═══ Given records ═══

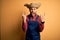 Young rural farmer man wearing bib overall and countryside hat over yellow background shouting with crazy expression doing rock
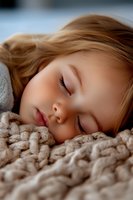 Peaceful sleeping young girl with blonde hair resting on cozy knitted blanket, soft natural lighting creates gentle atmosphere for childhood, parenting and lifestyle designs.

═══
═══ Given records ═══

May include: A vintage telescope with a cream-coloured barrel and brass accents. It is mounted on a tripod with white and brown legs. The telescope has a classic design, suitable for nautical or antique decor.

═══

In the entries above, find the line containing "Young rural farmer" and the line containing "Peaceful sleeping young"; give again exactly those two lines and every line between them, minus the pictures.

> [Expected answer]:
 Young rural farmer man wearing bib overall and countryside hat over yellow background shouting with crazy expression doing rock
 Peaceful sleeping young girl with blonde hair resting on cozy knitted blanket, soft natural lighting creates gentle atmosphere for childhood, parenting and lifestyle designs.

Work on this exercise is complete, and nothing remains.